Carlos Reygadas a entrepris une carrière de réalisateur au Mexique après avoir été avocat pour l'ONU.
— Louise Leblanc
«Dans les écoles de cinéma et dans la plupart des films commerciaux, on insiste beaucoup sur la nécessité de l'histoire, explique Carlos Reygadas. Je ne comprends pas cette idée. Pour moi, la littérature est beaucoup plus propice que le cinéma si l'on veut raconter une histoire.» Sur la même lancée, le réalisateur dénonce la tendance du cinéma grand public à recourir sans cesse aux mêmes formes de récit, à enfermer les films dans un langage trop codifié, autrement dit à «congeler» le cinéma, selon ses propres termes.
Partisan d'un cinéma d'art, bien loin de l'industrie, il rêve ses films et y réfléchit pendant de longues années. Au hasard de ses pérégrinations à travers la planète et de ses rencontres, sa prochaine production mûrit lentement dans sa tête, à mi-chemin entre rêve et conscience. À la manière d'un peintre, il pense aux ambiances, aux paysages, aux textures, à la lumière qui vont composer son prochain film, toujours basé sur l'art de la présence et non de la représentation.
Questionné par le réalisateur et chargé de cours du Département de littérature, théâtre et cinéma, Jeremy Peter Allen, qui animait cette rencontre, Carlos Reygadas confirme qu'il emploie essentiellement des acteurs non professionnels. Des gens qu'il choisit au gré de ses rencontres et dont la personnalité correspond à celle du personnage dont il rêve. Cette façon de faire, plutôt inusitée dans un monde du cinéma surtout basé sur les grandes vedettes, lui permet de coller davantage à la réalité. Il peut s'éloigner ainsi de la représentation. «Parfois, je filme des gens en train de faire l'amour plutôt que de le suggérer, simplement parce que le spectateur doit expérimenter ce qu'il voit, pas seulement suivre un récit», témoigne le réalisateur.
Interrogé sur la méthode qu'il a expérimentée en tournant son premier long-métrage Japón, en 2002, le réalisateur explique qu'à ses yeux le cinéma n'a rien d'une pièce de théâtre filmée. À la recherche d'une comédienne capable d'incarner une vieille paysanne, il a compris qu'une personne de la campagne était bien plus véridique que n'importe quelle actrice déclamant un texte. Même s'il laisse une part d'improvisation à ses films, paradoxalement, cet artisan prépare soigneusement ses scénarios. Celui qui a appris le cinéma en visionnant encore et encore des films sur son magnétoscope écrit et dessine soigneusement chaque plan à filmer. Ses tournages s'étalent parfois sur trois ans, avec une équipe réduite d'une dizaine de techniciens, très proches de lui.
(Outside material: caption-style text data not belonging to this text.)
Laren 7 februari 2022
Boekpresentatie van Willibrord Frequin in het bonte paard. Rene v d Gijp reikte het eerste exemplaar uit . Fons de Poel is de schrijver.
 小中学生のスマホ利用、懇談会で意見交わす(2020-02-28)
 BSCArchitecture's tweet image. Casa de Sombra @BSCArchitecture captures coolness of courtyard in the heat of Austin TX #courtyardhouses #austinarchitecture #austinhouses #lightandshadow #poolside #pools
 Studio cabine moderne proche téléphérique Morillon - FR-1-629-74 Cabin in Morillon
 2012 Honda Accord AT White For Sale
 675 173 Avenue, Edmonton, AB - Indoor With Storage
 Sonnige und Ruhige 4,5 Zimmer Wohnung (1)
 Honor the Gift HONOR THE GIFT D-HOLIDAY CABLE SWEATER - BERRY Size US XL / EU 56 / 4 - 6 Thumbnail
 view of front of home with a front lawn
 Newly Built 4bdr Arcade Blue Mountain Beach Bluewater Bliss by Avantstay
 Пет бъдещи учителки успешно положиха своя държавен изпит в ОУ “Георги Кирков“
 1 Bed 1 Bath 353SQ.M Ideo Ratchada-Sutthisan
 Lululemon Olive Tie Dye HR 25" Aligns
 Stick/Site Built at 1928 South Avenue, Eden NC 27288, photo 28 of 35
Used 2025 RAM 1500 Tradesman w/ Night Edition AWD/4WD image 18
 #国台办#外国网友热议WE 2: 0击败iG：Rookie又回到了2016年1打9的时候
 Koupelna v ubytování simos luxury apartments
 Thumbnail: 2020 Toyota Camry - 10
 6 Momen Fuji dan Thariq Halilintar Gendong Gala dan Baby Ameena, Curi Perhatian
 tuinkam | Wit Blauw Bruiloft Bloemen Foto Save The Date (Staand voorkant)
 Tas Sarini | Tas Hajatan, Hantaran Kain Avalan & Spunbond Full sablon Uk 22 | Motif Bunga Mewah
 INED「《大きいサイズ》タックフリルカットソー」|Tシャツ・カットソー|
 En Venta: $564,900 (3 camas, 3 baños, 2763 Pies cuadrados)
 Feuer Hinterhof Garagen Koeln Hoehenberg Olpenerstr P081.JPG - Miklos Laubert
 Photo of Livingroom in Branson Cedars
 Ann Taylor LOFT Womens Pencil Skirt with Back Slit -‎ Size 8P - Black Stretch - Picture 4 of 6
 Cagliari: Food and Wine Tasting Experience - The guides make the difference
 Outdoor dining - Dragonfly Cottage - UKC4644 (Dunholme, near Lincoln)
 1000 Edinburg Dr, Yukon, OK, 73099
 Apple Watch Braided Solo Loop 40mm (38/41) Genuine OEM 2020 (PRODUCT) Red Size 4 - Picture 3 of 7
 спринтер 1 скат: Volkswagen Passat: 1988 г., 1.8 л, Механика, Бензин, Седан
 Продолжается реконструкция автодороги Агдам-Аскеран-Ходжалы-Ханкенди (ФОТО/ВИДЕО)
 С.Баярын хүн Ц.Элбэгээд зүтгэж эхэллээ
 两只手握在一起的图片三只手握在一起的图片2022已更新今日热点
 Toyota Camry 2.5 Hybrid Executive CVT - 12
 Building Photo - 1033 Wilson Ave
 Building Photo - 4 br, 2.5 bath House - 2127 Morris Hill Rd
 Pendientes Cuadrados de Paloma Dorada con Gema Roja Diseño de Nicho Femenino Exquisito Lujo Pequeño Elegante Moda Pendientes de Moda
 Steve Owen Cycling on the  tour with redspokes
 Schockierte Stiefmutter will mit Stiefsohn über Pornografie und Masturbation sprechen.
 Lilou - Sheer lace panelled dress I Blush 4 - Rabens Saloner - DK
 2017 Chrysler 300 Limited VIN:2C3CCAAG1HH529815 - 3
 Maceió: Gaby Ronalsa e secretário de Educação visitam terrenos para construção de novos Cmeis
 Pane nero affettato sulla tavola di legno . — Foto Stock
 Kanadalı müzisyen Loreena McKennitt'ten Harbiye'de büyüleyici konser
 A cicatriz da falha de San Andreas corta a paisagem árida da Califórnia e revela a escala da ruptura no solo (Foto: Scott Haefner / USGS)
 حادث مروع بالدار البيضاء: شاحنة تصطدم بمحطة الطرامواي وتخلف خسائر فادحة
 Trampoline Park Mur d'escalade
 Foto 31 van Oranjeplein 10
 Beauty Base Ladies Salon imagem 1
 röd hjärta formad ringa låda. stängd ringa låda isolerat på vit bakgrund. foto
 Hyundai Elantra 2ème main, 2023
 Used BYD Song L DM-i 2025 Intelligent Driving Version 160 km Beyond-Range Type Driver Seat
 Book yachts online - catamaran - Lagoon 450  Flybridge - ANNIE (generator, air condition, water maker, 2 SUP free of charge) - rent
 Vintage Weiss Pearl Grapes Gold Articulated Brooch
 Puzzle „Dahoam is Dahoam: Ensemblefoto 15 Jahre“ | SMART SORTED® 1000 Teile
C'est une méthode à mille lieues de celles de l'industrie du cinéma, reconnaît le réalisateur. Comme pour illustrer sa position particulière, Carlos Reygadas raconte avec un sourire en coin sa visite au Maroc, sur le tournage de Babel, le film d'Alejandro Inarritu. «En y allant, j'ai croisé près de soixante jeeps, des trailers, un chapiteau de cirque trois fois plus gros que le Cirque du Soleil, dit-il. Mais finalement, après tout ça, il y avait seulement un acteur, Brad Pitt, une caméra et du sable.» Une façon de dire que le cinéma doit miser sur l'essentiel pour toucher le public.